* _Required action_
When the word "House" shows up in a line of the records below, copy that line.

[Saved entries]
++++++

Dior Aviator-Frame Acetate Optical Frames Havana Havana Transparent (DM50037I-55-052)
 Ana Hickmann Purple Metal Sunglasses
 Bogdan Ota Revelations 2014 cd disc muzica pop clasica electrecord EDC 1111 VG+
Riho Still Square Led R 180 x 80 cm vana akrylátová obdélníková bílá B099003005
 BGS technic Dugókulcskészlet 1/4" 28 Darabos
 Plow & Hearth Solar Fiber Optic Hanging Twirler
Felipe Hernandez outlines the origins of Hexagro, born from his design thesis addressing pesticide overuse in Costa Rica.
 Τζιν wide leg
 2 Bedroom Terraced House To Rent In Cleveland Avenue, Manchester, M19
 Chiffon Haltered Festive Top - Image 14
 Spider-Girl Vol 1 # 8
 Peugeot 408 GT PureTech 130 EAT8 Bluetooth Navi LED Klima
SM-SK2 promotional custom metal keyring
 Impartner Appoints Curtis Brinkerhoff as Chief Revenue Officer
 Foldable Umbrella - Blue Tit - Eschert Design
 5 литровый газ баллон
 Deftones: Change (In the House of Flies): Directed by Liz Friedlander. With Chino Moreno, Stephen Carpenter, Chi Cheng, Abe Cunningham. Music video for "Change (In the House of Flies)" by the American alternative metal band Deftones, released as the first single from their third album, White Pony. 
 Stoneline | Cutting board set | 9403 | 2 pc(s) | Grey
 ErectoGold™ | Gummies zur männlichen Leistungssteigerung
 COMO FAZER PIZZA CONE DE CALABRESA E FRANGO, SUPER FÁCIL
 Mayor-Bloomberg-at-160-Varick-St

++++++

* _Response to this exercise_
 2 Bedroom Terraced House To Rent In Cleveland Avenue, Manchester, M19
 Deftones: Change (In the House of Flies): Directed by Liz Friedlander. With Chino Moreno, Stephen Carpenter, Chi Cheng, Abe Cunningham. Music video for "Change (In the House of Flies)" by the American alternative metal band Deftones, released as the first single from their third album, White Pony. 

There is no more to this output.